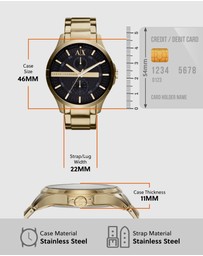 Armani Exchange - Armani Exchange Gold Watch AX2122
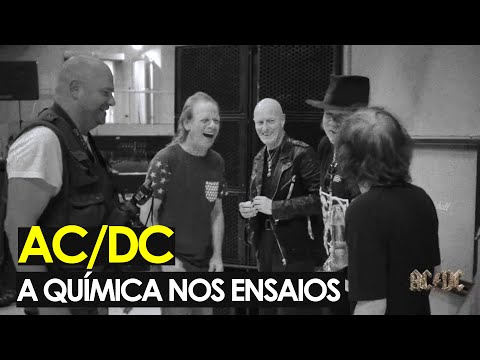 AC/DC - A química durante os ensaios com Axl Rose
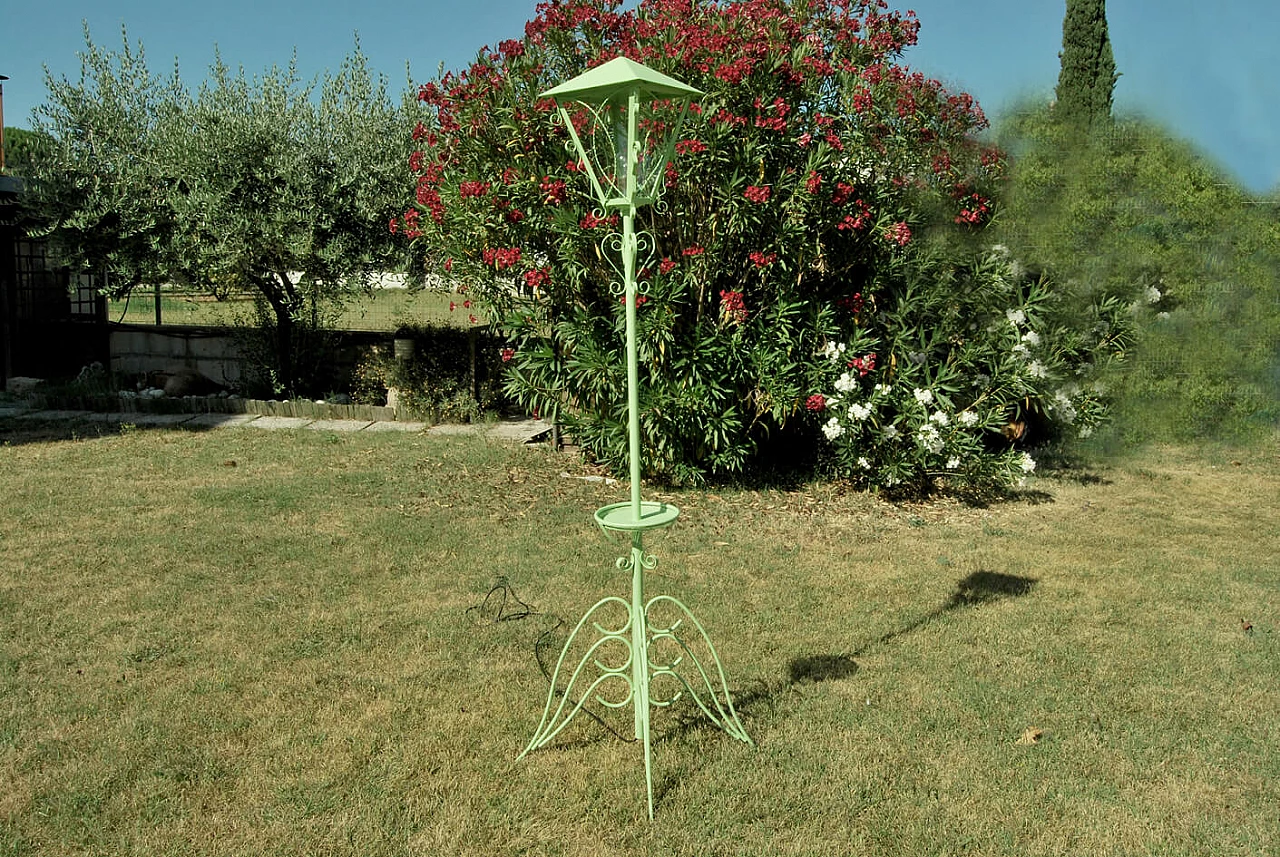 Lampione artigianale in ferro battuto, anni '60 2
===============
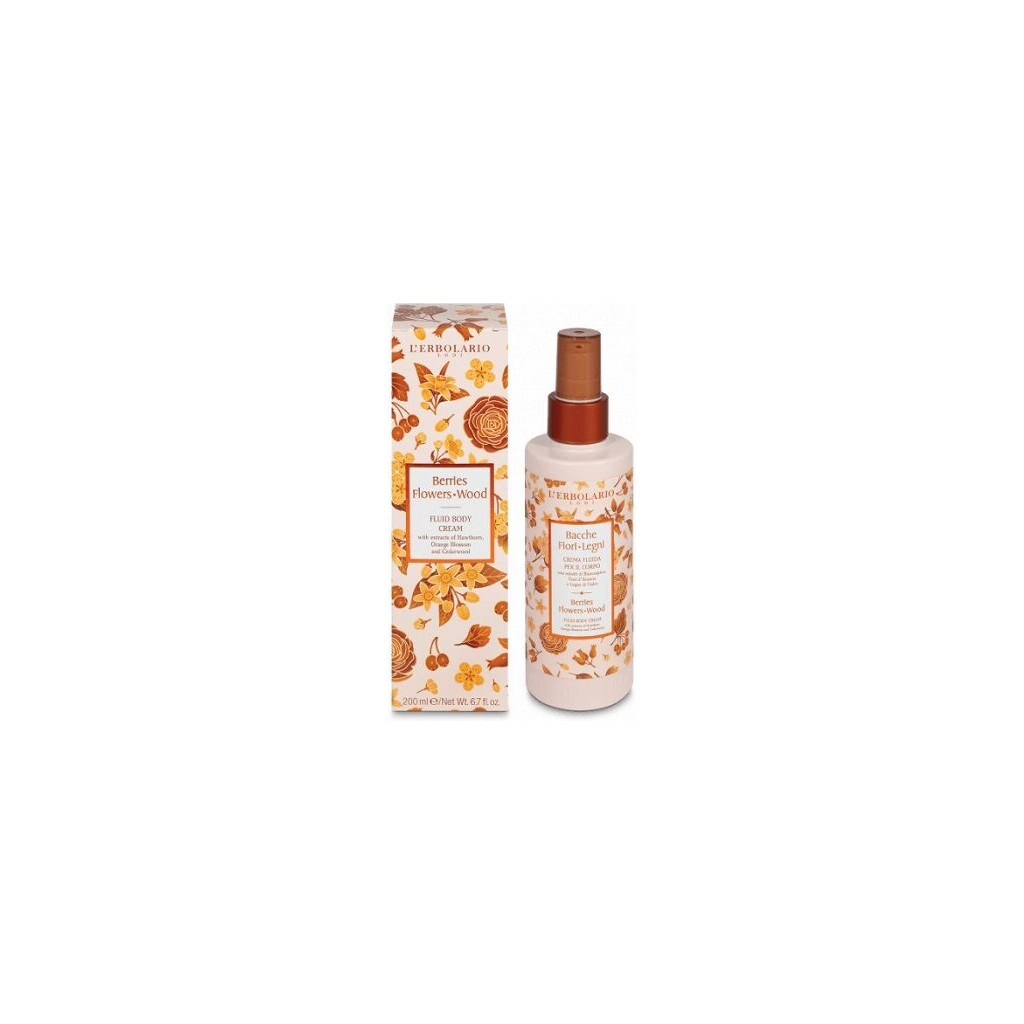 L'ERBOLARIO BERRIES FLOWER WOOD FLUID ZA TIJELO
===============
- **Aim of the task**
In the data above, find the line containing "Armani Exchange - Armani" and the line containing "Lampione artigianale in". Repeat those two lines and everything between them exactly, minus the pictures.

- **Solution**
 Armani Exchange - Armani Exchange Gold Watch AX2122
 AC/DC - A química durante os ensaios com Axl Rose
 Lampione artigianale in ferro battuto, anni '60 2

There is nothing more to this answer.